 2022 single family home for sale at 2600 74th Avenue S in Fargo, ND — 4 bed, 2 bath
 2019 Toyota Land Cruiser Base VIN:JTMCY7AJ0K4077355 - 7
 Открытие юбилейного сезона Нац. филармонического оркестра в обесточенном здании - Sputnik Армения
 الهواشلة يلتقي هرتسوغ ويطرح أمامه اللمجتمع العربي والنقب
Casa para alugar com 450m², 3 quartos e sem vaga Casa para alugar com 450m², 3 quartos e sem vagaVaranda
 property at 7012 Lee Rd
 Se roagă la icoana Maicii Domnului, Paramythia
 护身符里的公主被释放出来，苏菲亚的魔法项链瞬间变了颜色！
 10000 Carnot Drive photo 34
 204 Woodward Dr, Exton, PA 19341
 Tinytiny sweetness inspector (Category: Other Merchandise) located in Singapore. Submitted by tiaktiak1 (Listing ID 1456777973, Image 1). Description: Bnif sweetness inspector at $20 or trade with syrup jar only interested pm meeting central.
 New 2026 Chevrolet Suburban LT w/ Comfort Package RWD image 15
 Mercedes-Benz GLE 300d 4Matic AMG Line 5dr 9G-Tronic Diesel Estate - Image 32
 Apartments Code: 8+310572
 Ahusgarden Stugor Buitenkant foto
#####
▶ [WHAT IS NEEDED]: The lines to extract from the data above begin with the line containing "property at 7012 Lee Rd" and end with the line containing "204 Woodward Dr, Exton, PA 19341". Extract them exactly, including both.

▶ [WRITTEN RESPONSE]:
 property at 7012 Lee Rd
 Se roagă la icoana Maicii Domnului, Paramythia
 护身符里的公主被释放出来，苏菲亚的魔法项链瞬间变了颜色！
 10000 Carnot Drive photo 34
 204 Woodward Dr, Exton, PA 19341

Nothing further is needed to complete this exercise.